By Mike Bastin | China Daily | Updated: 2013-07-02 06:18

As a result, the scourge of unemployment, and youth unemployment in particular, is now seen as one of the major obstacles to economic growth across the EU and the summit provided yet another golden opportunity to address the underlying causes and to recognize and promote decisive action that could contribute to a lasting solution.

Sadly, all we've seen is agreement on the allocation of about 6 billion euros ($7.8 billion) from the EU budget as investment funding for a new EU "youth employment initiative" that aims to offer people under 25 a promise of a job, training or apprenticeship within four months of leaving education or becoming unemployed.

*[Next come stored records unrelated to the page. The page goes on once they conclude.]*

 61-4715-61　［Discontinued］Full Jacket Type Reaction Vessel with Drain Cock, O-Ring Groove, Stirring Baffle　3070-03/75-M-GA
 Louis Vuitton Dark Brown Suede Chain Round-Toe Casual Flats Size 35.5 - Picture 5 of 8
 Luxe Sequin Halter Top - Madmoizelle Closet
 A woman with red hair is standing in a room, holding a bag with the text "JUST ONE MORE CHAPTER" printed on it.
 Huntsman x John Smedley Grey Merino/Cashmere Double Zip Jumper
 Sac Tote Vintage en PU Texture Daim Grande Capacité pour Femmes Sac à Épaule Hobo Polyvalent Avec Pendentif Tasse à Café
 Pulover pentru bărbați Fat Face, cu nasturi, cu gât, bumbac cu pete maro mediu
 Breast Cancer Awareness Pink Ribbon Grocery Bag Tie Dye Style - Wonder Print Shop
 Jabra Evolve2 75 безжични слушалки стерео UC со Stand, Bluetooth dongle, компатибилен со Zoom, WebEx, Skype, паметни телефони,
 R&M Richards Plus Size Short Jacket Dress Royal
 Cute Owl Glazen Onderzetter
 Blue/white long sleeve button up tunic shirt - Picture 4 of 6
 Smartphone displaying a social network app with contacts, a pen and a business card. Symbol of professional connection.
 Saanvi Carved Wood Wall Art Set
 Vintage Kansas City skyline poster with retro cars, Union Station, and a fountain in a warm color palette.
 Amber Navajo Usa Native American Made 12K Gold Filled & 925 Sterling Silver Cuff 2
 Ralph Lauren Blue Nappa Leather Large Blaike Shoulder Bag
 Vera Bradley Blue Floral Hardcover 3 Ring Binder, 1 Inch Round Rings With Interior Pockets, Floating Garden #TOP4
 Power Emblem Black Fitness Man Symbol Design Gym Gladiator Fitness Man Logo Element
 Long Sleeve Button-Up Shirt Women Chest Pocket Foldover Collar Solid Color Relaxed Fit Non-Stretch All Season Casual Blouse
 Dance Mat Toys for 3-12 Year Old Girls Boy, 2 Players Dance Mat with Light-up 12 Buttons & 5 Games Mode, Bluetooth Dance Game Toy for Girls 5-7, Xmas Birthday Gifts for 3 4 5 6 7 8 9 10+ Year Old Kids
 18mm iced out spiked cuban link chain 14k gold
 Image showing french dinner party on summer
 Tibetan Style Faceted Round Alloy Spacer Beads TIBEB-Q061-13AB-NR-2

While the initiative and the funding is to be welcomed warmly, it does little to provide any credible path toward substantial and sustainable job creation for the EU's increasingly lost generation of young people.

First, the sum is a drop in the ocean given the size and growth of this army of long-term, young unemployed. It also remains unclear whether this sum or part of it, will be targeted where the levels are most severe. Youth unemployment across Germany, the Netherlands and Austria lies at only about 8 percent, a far cry from the levels in Spain and Greece.

Second, and fundamentally, when and where this money will be spent remains undisclosed and probably even undecided; and crucially any causal relationship between government funding and job creation has not been presented.

However, it is of course, investment from business, and mainly private industry, that always spearheads any lasting decrease in unemployment with the creation of jobs that are based on genuine business and market expansion.

EU inward investment from China, therefore, represents the real, and possibly only, hope for lasting improvement in unemployment across the continent. Furthermore, these investment levels are set to continue, with the EU favored in many cases over the United States by many of China's cash-rich companies.

In consequence, it is vital that all future EU summits ensure that inward investment from China is one of the most important agenda items and that key representatives from Chinese industry and government are present and heavily involved in any summit dialogue.

European companies and consumers should hold no fear of the rise of China and Chinese industry. It is the invisible hand of Chinese investment that could act as a catalyst to EU economic revival.

The author is a visiting professor at the University of International Business and Economics, and a researcher at Nottingham University's School of Contemporary Chinese Studies.